April 18, 2018 / 6:01 PM / 3 months ago

Greek central bank chief: ECB should keep waiver on Greek bonds post-bailout

ATHENS (Reuters) - The European Central Bank should maintain its “waiver” on Greek government bonds, continuing to accept them as collateral even if they stay sub-investment grade after the country exits its bailout, Greece’s central bank chief said on Wednesday.

FILE PHOTO: Bank of Greece Governor Yannis Stournaras speaks during the annual meeting of the bank's shareholders in Athens, Greece February 26, 2018. REUTERS/Costas Baltas

The ECB reinstated its so-called waiver on Greek government paper in June 2016, enabling Greek banks to access cheap funding. Athens expects to exit its third international bailout in August and rely on financial markets for borrowing.

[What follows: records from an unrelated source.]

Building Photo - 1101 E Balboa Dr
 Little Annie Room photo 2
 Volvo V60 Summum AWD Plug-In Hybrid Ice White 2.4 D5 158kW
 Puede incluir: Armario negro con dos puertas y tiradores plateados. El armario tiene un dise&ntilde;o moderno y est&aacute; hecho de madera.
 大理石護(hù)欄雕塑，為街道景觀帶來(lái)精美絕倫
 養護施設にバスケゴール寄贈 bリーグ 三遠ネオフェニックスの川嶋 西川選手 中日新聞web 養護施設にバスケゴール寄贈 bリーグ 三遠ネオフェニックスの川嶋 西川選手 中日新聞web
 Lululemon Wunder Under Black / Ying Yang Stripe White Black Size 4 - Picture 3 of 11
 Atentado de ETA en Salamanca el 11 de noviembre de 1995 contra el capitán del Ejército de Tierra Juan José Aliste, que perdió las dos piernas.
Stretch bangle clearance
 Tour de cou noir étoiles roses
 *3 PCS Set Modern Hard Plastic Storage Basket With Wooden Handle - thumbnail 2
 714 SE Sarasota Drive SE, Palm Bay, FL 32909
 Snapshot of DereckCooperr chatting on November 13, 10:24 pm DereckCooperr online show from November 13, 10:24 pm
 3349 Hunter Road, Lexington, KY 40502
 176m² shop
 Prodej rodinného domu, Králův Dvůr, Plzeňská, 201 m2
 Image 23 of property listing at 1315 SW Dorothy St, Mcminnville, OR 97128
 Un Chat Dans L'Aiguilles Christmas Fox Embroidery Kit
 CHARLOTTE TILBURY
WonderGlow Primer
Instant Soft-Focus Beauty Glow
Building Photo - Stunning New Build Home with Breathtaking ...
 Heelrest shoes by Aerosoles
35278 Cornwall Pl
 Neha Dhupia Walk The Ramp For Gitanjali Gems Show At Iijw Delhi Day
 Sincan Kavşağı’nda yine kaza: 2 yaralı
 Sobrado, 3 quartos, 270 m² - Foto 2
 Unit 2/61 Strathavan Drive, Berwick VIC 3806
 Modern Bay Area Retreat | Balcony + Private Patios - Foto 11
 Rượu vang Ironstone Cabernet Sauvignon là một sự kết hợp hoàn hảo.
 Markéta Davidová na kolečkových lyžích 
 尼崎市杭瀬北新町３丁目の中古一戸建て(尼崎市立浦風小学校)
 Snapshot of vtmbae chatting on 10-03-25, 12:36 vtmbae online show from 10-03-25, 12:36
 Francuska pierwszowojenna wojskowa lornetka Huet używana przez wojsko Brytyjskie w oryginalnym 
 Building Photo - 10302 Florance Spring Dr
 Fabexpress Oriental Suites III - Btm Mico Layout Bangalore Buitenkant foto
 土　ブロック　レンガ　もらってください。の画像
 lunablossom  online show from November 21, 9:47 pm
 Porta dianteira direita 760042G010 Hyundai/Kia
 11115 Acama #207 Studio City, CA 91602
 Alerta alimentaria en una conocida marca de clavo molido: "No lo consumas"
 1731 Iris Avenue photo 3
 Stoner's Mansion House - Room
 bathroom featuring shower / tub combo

One of the prerequisites for the ECB’s waiver on sub-investment grade paper is for the issuing country to be under a supervised financial assistance program.

“The main issue in the coming months is the improvement of the country’s credit rating, which will allow the Greek state to return to markets on a sustainable basis after the end of the (bailout) program in August 2018,” Yannis Stournaras, head of the Bank of Greece, said in a speech at the London School of Economics.

He said that for this to happen, Athens’ European partners must specify the medium-term debt relief measures they have promised to render its debt viable, adding that remaining capital controls should be lifted after the bailout exit.

Stournaras stressed the need for an adequate liquidity cushion built via new bond issues before Athens exits the program and said that keeping the ECB waiver on Greek bonds would be helpful.

“It would reduce the cost of funding for Greek banks, both from the ECB and through repo transactions,” he said.

“The maintenance of the waiver for as long as the country’s credit rating remains considerably sub-investment grade is desirable,” Stournaras said.

The central banker projected that the Greek economy’s recovery will pick up this year with growth accelerating to 2.0 percent from 1.4 percent last year.

Greece has received 260 billion euros in financial aid since 2010, and its third bailout expires in August. Athens is eager to show it can stand on its own feet in accessing new money.